We round out our Underrated/Overrated series with a collection of starters that are costing you a higher draft pick than their abilities detail. Don’t enter the season relying on these hurlers as you’ll be building a house on a poor foundation. If you need more help getting your Pitching Bust fix, head on over to Washington Post for four more pitchers that I don’t like in this year’s draft, but first, let’s go over these five overpriced starters.
James Shields (San Diego Padres) – If you’re desperate for strikeouts, I can understand why people are looking to Shields. He increased his Curveball usage last season, leading to a career high 9.61 K/9, though that number should fall to the mid eights or so. Thing is, all the praise I have for Jimmy ends right there. His walk rate was laughable last season, jumping nearly two points last season to a whopping 3.60 BB/9, making it tough for him to extend past six innings on the hill. It adds up to a pitcher to may hurt your more than help, with an inflated ERA and WHIP playing for a Padres team that will not hint at a playoff run. I’d much rather invest in a good floor guy like Patrick Corbin going for a cheaper price.
Zack Greinke (Arizona Diamondbacks) – Greinke was unreal last year, there’s no question about it. Problem is that I hate paying for a career year when there are many indications that it will not be repeated. Exhibit A) His 1.66 ERA had a 3.22 xFIP under the hood and now he moves into hitter friendly Chase Field. Exhibit B) His LOB rate was 86.5% last year. Exhibit C) He had only a 23.7% strikeout rate. I’m not saying I don’t want Greinke on my team, but he’s currently ranked higher than Carrasco, Syndergaard, Fernandez, Cole, etc. and it doesn’t sit right with me. Let others believe in a near repeat while you get the same ERA/WHIP production with more strikeouts.

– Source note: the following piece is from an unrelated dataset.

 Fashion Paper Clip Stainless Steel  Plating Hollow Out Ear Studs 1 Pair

Michael Wacha (St. Louis Cardinals) – I realy don’t see the allure of Wacha. He’s just so…boring. He doesn’t have the K upside you want (he’s been under 8 K/BB for two straight seasons), his walk rate is meh at 7.6%, and he’s had back-to-back seasons of a 3.70+ xFIP. Why are we taking him ahead of guys like Carlos Martinez, Michael Pineda, Raisel Iglesias? Seriously, I don’t get it, the guy doesn’t even generate grounders at good clip (44.3% career mark), and his SIERA was 4.02 last season. Promise you’ll stay away, k? K.

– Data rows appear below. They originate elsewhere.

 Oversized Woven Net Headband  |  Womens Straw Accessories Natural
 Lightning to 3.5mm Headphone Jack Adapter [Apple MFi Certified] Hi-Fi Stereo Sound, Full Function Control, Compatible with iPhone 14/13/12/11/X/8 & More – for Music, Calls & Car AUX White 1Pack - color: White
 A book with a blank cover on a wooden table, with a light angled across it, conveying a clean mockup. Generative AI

Julio Teheran (Atlanta Braves) – The only scenario I can envision someone going for Teheran is in an NL-Only league or a super deep mixed scenario. Otherwise, Teheran will most likely hurt your team with a poor ERA and WHIP, making his current ECR ranking of #54 just silly. Why would I be going for harmful mediocrity over a high upside guy? You can simply go for the gold with another pitcher like Joe Ross, Vince Velasquez, or Tyler Duffey and if they don’t pan out you just move on to another guy that’s on the wire. That easy. Instead, if you follow his current draft stock, you’ll be crying yourself to sleep wondering why you ever put yourself through the endless disappointment. Not one of his ERA/FIP/xFIP/SIERA were below 4.00 last season. His BB/9 was at 3.29. He only struck out 20.3% batters. He held just a 3.95% GB rate. WHY.
Johnny Cueto (San Francisco Giants) – Some are predicting that a move back to the NL will restore the Cueto of old, and that his horrific second half in Royal Blue was an exception, not the rule. Well I’m not sold. Last season’s FIP/xFIP numbers were nearly identical to those in his career 2014 year, but his ERA finally followed suit and now we’re all freaking out. Then his strikeout numbers dipped 1.5 points to nearly match his 7.42 K/9 rate, and his soft contact dropped nearly 5 points to an average 20%. It spells out Cueto performing exactly in line with his ability last season, indiciating that 2014 was a career year and shouldn’t be depended upon. It’s as simple as that.